1. Keto is short for ketogenic
And what does that mean, exactly? A ketogenic diet relates to ketosis, the metabolic state that eating a high fat, moderate protein and low carb diet puts your body into. You’ll have to load up on enough fat for it to make up 60-75 per cent of your diet (that’s a lot) and when your body is running on minimal carbs for energy, your body will switch to ketosis – burning stored fat for fuel – instead.
2. This diet is about maths
Just like yoga, there are many variations of eating keto, and you may have to trial a few to find the one you like best. The simplest one for beginners to try is the Standard Keto Diet (SKD) which typically contains five per cent carbs, 20 per cent protein and 75 per cent fat. Translated into grams, that means around 35g carbs a day (e.g. one banana and two slices of bread) and the rest of your intake will come from meats, eggs, fish, above-ground vegetables and natural fats like butter or olive oil.
3. Sundays will now be meal prep day
Keto requires you to be super organised because there’s no room for cheat meals or grabbing a sandwich at lunch. Spend your Sundays shopping for fresh meat, veggies, avocados and nut butter, boiling eggs, roasting chicken and portioning out cheese. It helps to write a meal plan for the week and there are heaps of great keto recipes online to help.
4. Rethink your snack game
It can take anywhere from two to seven days for your body to go into ketosis and you may get hungry while your body adjusts, so allow for snacks in your meal plan. Fat and protein-based snacks will keep you feeling fuller for longer: try hard boiled eggs, beef jerky, home-made guac or canned fish.

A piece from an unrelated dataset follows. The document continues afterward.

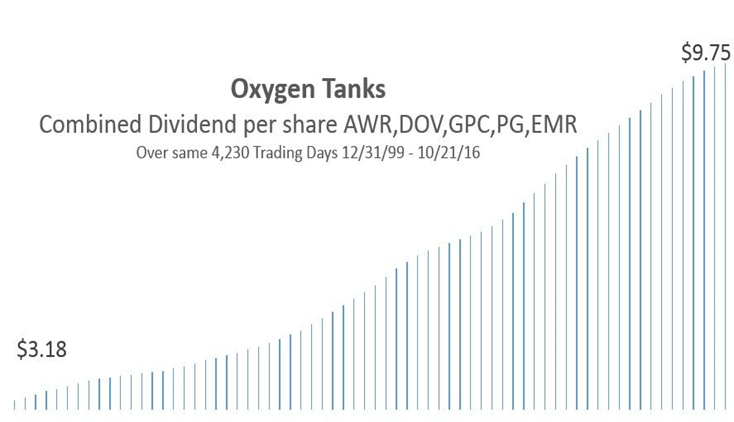 Dividend Oxygen Tanks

Keto-Fit MCT Oil in a coffee (to make bullet-proof) is a great way to boost your fat intake and Keto-Fit Protein Shakes in Chocolate and Vanilla Flavour – which are ultra-low carb and high in protein – make a keto-friendly snack.
5. You might experience side effects
On Keto, you’ll be stripping back carbs which most of us traditionally use to get our energy from and adding in way more fat, so in the beginning keto can make you feel tired, light-headed, nauseous, have IBS-like symptoms or headaches. These symptoms are known as ‘keto flu’ but don’t usually last more than one week, which is when you might start to see the number on the scales go down. If you’re vegan, pregnant or trying to conceive, the keto diet may not be for you, check with your GP first.